We have used the data captured by Montréal's public bicycle system, Bixi in these linear regression workflows.
The data set used consists of the trip and station data for 2017 which is available at kaggle. The Google maps data for distance between stations were produced using Google maps' distance matrix API.
The workflows for AIDA and pandas are as Jupyter notebooks, a common method of interactive development and exchange used among the data science community.
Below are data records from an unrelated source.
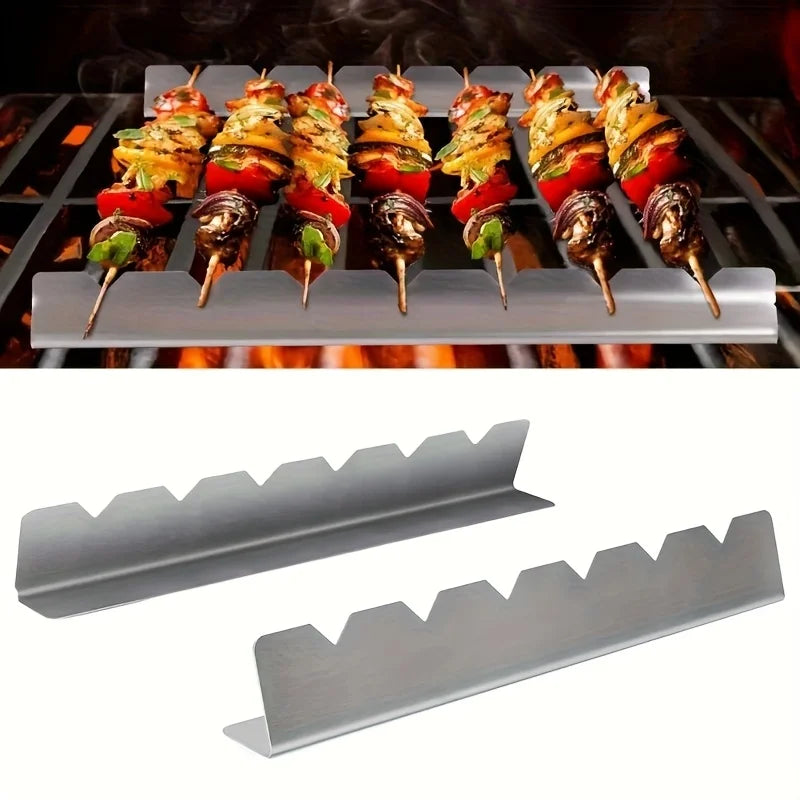 Grillvora Kebab Grillständer Set | Spießhalter für BBQ | Edelstahl & Hitzebeständig | 2 Stück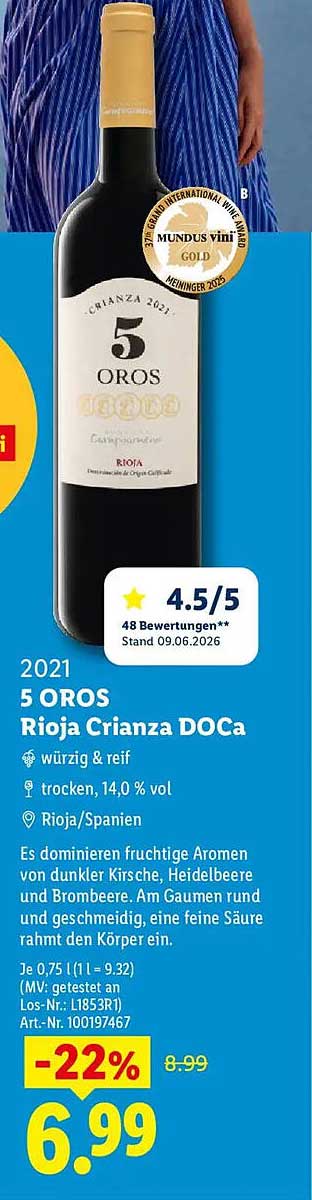 2021 5 OROS Rioja Crianza DOCa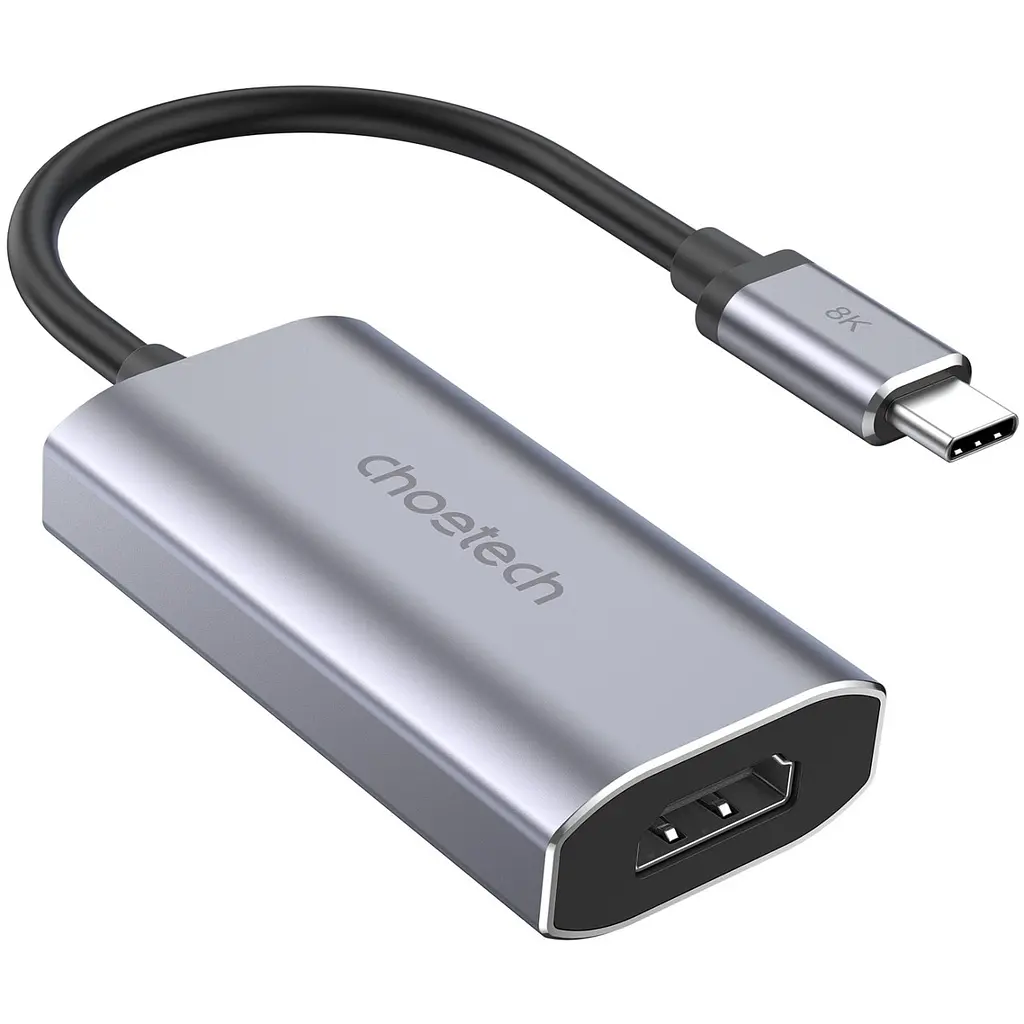 Перехідник USB 3.1 Type-C M - HDMI F, 0,15m 8K 60Hz Choetech чорний - фото 2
We have formatted the workflows for Spark and database UDFs using github's markdown fileformat so that it is easy to read/format the source code along with the output results it produces.
-
There are the basic workflows which demonstrate how an oracle with the complete knowledge of the data and knows the final model to be trained would write the workflow.
-
BixiLinearAIDA-Basic.ipynb : This workflow is written using AIDA's client API.
-
BixiLinearAIDA-RWS-Basic.ipynb : A modified version of the above workflow, where the iteration logic is executed using AIDA's remote workspace execution operator.
-
BixiLinearPandas-Basic.ipynb : Similar workflow logic, written using pandas. The data required to perform the workflow is fetched from the database by executing the SQL that contains any necessary joins within the database (pushdown concept). The database connection used is not manually tuned for large data sets, and therefore it experiences a larger data transfer time between the database and the client.
-
BixiLinearPandasOpt-Basic.ipynb : An optimized version of the above pandas workflow. In this case the database connection is explicitly optimized for large data transfer buffers to reduce the time it takes to load data.
-
BixiLinearDBUDF-Basic.md : The entire workflow logic as a whole is written into a database UDF. In this approach, the user has no way interact with any of the intermediate objects or produce any intermediate outputs.
-
BixiLinearSpark-Basic.md : Workflow for Spark, written in Scala.
-
-
The next set of workflows demonstrate a more pragmatic exploratory path that a data scientist might follow, often making decisions and "excursions" in various directions before settling on the final solution. In our simple example, the data scientist first computes an approximate distance between two stations by means of their GPS coordinates and Vincenty's formulae and uses it to predict the duration of the trips. They do a couple of iterations to test the error of the classifier. Next they try to perform the prediction using the distance matrix provided by the Google maps API. Upon observing the error rate of this approach to be the least of the two, they then decide to perform the model training using this approach.
-
BixiLinearAIDA.ipynb : This workflow is written using AIDA's client API.
-
BixiLinearAIDA-RWS.ipynb : A modified version of the above workflow, where the iteration logic is executed using AIDA's remote workspace execution operator.
-
BixiLinearPandas.ipynb : Same workflow logic, written using pandas. However, since the data scientist needs to "peek" and "analyze" each data sets and transformations, the individual tables get loaded into pandas, which also results in relational joins being performed in pandas, as the data sets are already on the client side. The database connection used is not manually tuned for large data sets, and therefore it experiences a larger data transfer time between the database and the client.
-
BixiLinearPandasOpt.ipynb : Same workflow logic, written using pandas. In this case the database connection is explicitly optimized for large data transfer buffers to reduce the time it takes to load data.
-
BixiLinearDBUDF.md : The workflow is written as a mixture of SQLs executed using a regular database client and a set of database UDFs that the user writes when there is a need to perform linear algebra. There is some small duplication of processing and source code statements due to the restrictive nature of database UDFs that does not allow host language objects (such as NumPy array) or function definitions to be used across different UDF invocations.
-
BixiLinearSpark.md : Workflow for Spark, written in Scala.
-
Language Expertise | Interactive System | Incremental Exploration Possible | "Near-data" Computation | |
---|---|---|---|---|
AIDA | Python | Yes | Yes | Yes |
Database UDF | Python, SQL | No | No | Yes |
pandas | Python | Yes | Yes | No |
Spark | Scala | Yes | Yes | No |